Quince años más tarde, otro astrónomo
estadounidense, Edwin Hubble, descubrió que las galaxias se alejaban unas de
otras con una velocidad proporcional a su distancia, lo que significaba que el universo
se expandía. Esta expansión implicaba, a su vez, que en el pasado toda la
materia del universo debía haber estado condensada en un único punto. Nació así
la teoría popularizada con el nombre de Big
Bang, o Gran Explosión, que mantenía que el universo no siempre había sido
como lo vemos hoy, sino que había nacido en un remoto pasado a partir de un
estado de enorme condensación de la materia. El universo no era eterno, al
menos si mirábamos hacia el pasado.
Esta teoría no fue inicialmente aceptada
por toda la comunidad científica. De hecho, muchos astrónomos abrazaron una
teoría alternativa, llamada la teoría del estado estacionario. Como su nombre
indica, esta teoría mantenía que el universo siempre había tenido el mismo aspecto
y, aunque se expandía, al mismo tiempo se creaba nueva materia que mantenía su
densidad y propiedades constantes. Así pues, frente a una teoría que postulaba
un solo evento creador en el pasado se enfrentaba otra que postulaba una
creación constante en el tiempo. ¿Qué teoría era la correcta, si es que alguna
lo era?
LAS PRIMERAS MICROONDAS
Hubo que esperar hasta 1964 para contar
con una primera observación que finalmente comenzó a decantar la balanza a
favor de la teoría del Big Bang.
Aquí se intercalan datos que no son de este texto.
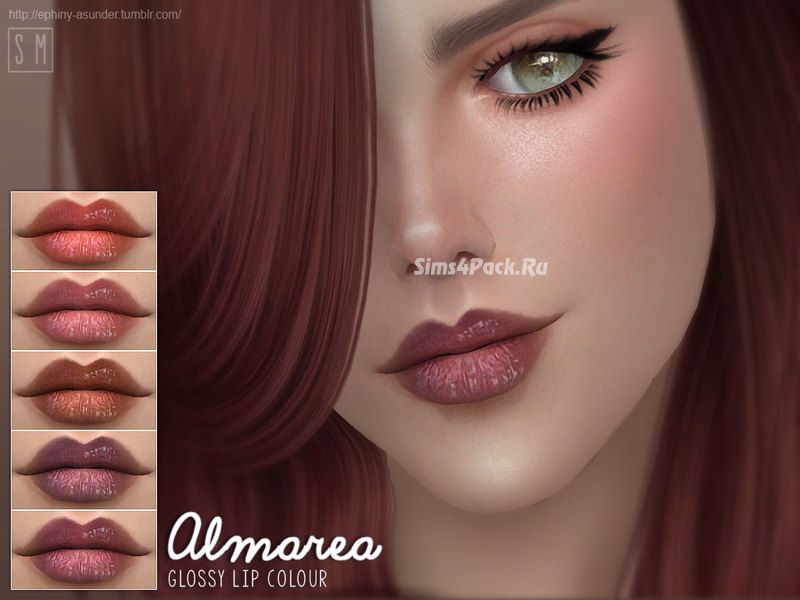 Блеск для губ "Almarea"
Ese
año, los ingenieros estadounidenses Arno Penzias y Robert Wilson, mientras
experimentaban con una nueva antena diseñada para detectar ondas de radio reflectadas
por primitivos satélites de comunicación, detectaron una señal en la frecuencia
de las microondas, similar en todas direcciones y que se mantenía constante día
y noche –lo que eliminaba la posibilidad de que fuera de origen humano–.
Algo incrédulos, Penzias y Wilson
ahuyentaron las palomas que habían anidado en su antena, limpiaron sus
excrementos y volvieron a analizar las señales. Allí continuaban: las palomas
no eran la explicación del extraño fenómeno.
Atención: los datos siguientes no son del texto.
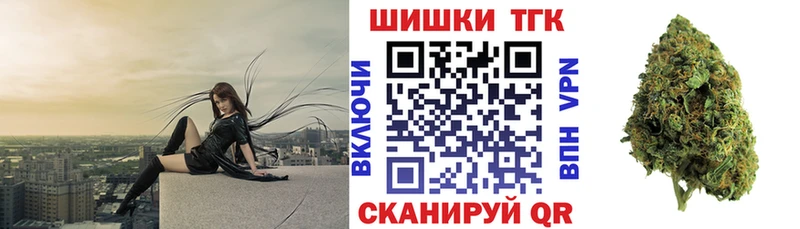 как найти закладки  площадка телеграм  Конопля Amnesia  Рыбинск 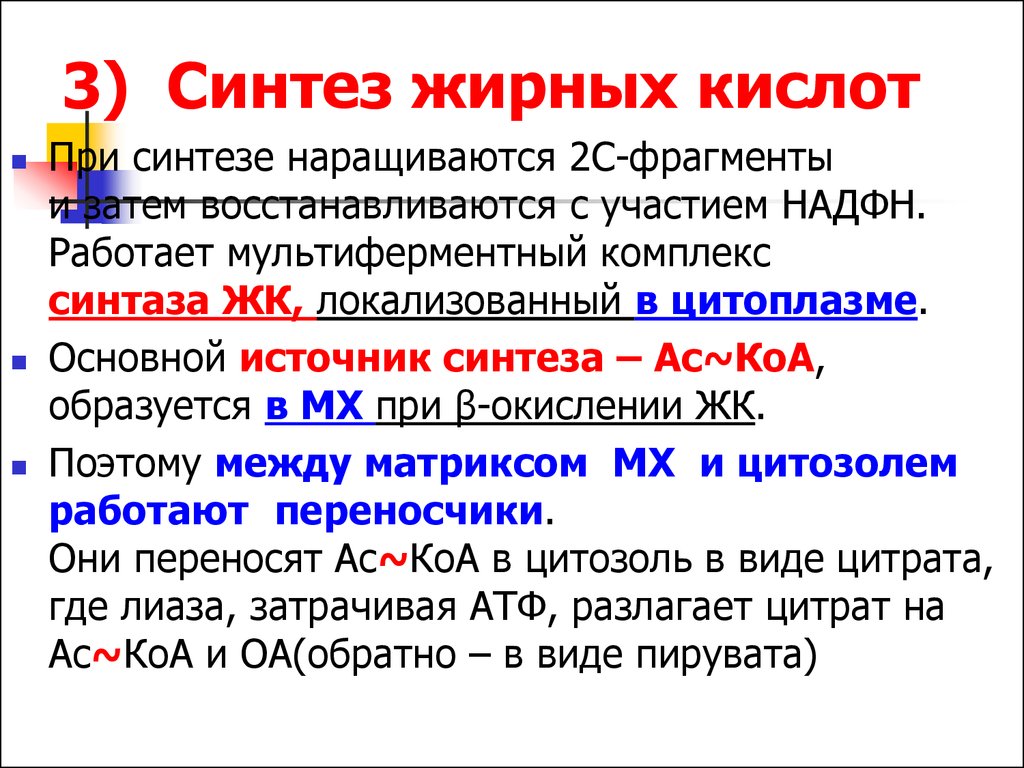 Синтез источника. Источники надфн2 для синтеза жирных кислот. Источником надфн2 для синтеза жирных кислот служит. Надфн2 в синтезе жирных кислот. Синтез жирных кислот с участием надфн2.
Igualmente ese mismo año, tres
astrofísicos de la Universidad de Princeton, ciudad a solo 60 km de distancia
de donde Penzias y Wilson habían colocado su antena, se disponían a construir
otra para detectar una hipotética radiación de microondas que, según sus
predicciones, debía corresponder a la radiación inicial emitida en el estallido
que dio origen al universo. Cuando un amigo, conocedor de estos hechos, los
comentó a Penzias y Wilson, estos comenzaron a darse cuenta de la importancia
de su descubrimiento y decidieron invitar a los astrofísicos a examinar la
señal que su antena detectaba. La radiación predicha por los tres astrofísicos
poseía las propiedades de la detectada por los dos ingenieros. Todos estuvieron
de acuerdo en que dicha señal podía corresponder a los restos de la Gran
Explosión que dio origen al universo y, juntos, decidieron publicarlo en la
revista Astrophysical Journal Letters. Este
descubrimiento valió a Penzias y Wilson (aunque no a sus compañeros) el premio
Nobel de Física en 1978.
FLUCTUACIONES CREADORAS
El hallazgo resolvió un problema, pero
creó otro. Si el universo no era una sopa uniforme de materia, sino que
contenía galaxias, estrellas y planetas, la explosión inicial no pudo suceder
igual en todas partes. Tuvieron que producirse irregularidades, fluctuaciones,
que iniciaran la evolución del universo para originar lo que hoy vemos en él.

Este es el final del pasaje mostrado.